Said one American League East scout: “I don’t know Dino personally, but he’s always talked about as one of the best third base coaches in the game and somebody who will get a shot at the top spot someday.”
An opportunity Ebel is definitely looking forward to should it ever be offered.
“It’s always been a goal of mine,” said Ebel, a nine-year manager in the minors. “It’s something I always wanted to do.
“I feel really fortunate that Mike (Scioscia) brought me up to be his third base coach, and I love what I’m doing for the Angels. But one day if the chance comes around, I’d love to do it.”
And he certainly will be helped by Scioscia’s ever-expanding managerial tree, which has already produced Tampa Bay’s Joe Maddon; San Diego’s Bud Black and Milwaukee’s Ron Roenicke.
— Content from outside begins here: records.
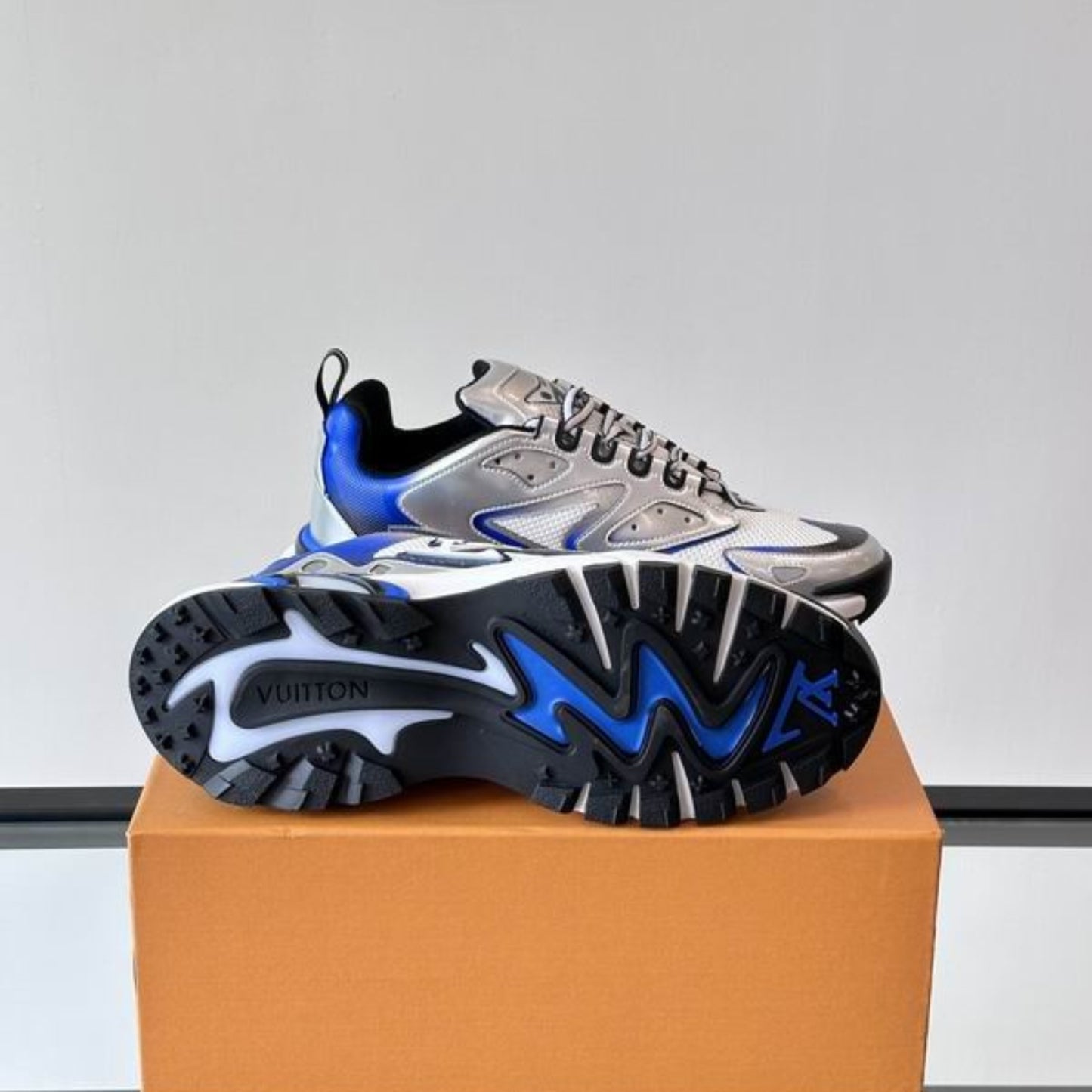 Tênis LV Runner Tatic Cinza com Azul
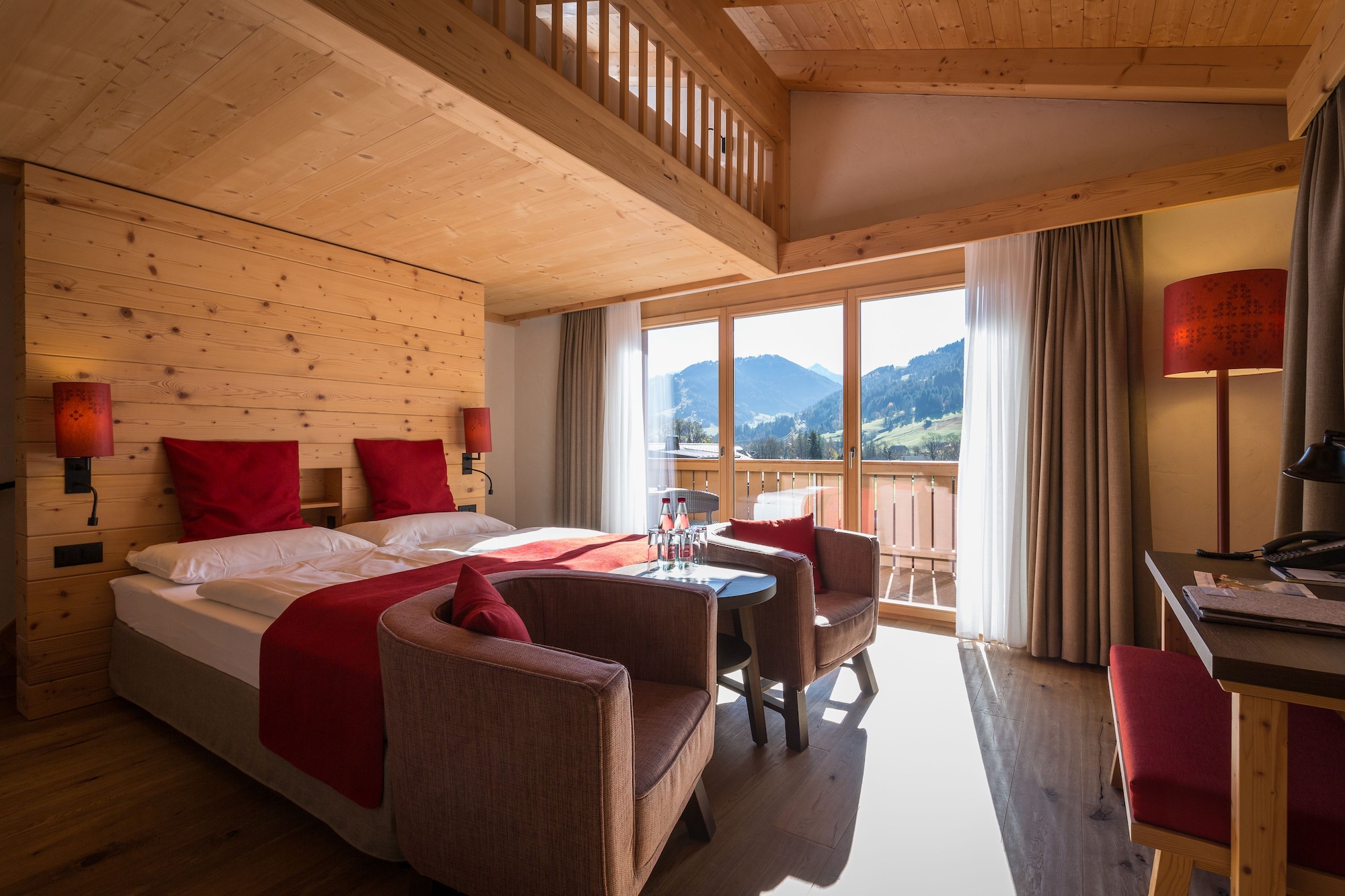 غرفة عائلية بسرير مزدوج بإطلالة على الجبل بشرفة بغرفة نوم واحدة مع أريكة، Hotel Spitzhorn 3/7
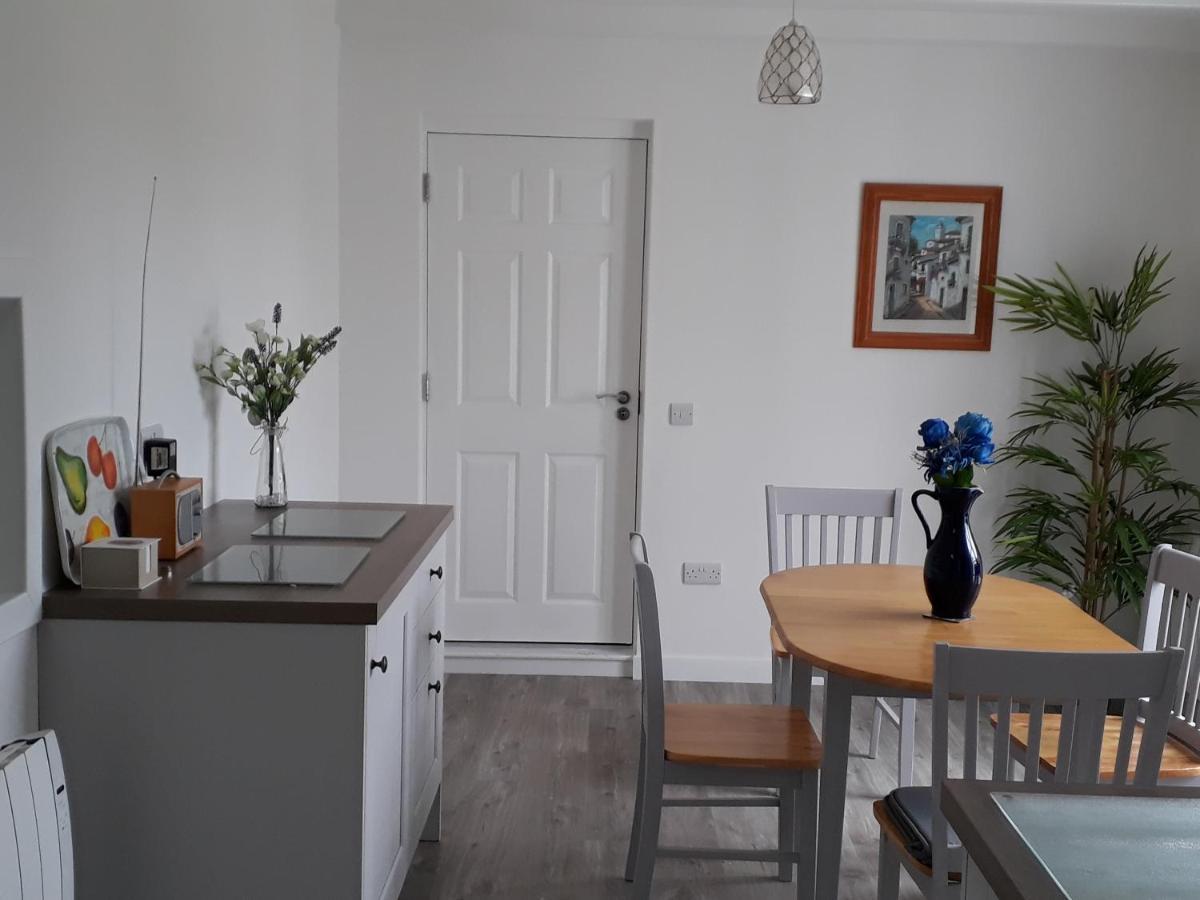 Colebrook Cottage Isle of Whithorn エクステリア 写真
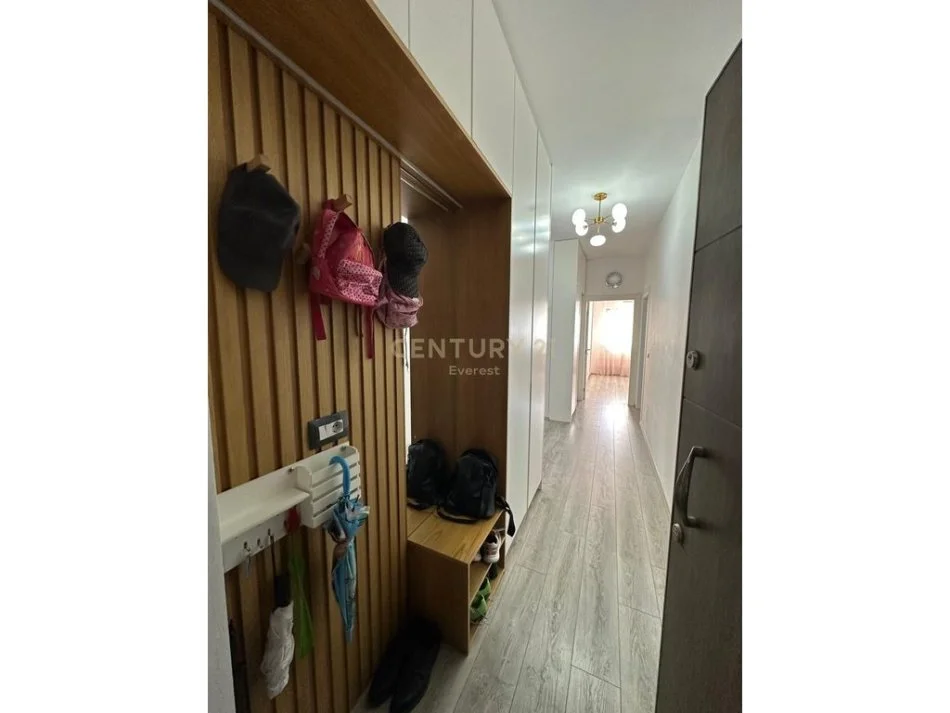 Tirane, shitet apartament 2+1 Kati 2, 115 m² 220.000 € (ne zonen e Brrylit, perballe Maternitetit te R)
“Absolutely,” Ebel agreed, “and all three of those guys I know very well. I spent time with them, and they’re doing outstanding jobs in the major leagues. And being part of Mike’s staff definitely helps in the eyes of people all around baseball.”
According to some prominent major league scouts, three of the top managerial prospects are with the local teams, but while their teams are fighting for a playoff berth, their focus is on only one thing—helping their clubs get to the World Series.
“Bottom line,” Hillman says, “that’s what this is all about. Whether you’re a player, manager, coach or front office person, it’s all about being the last team standing. Then the individual stuff will come if it’s meant to be.”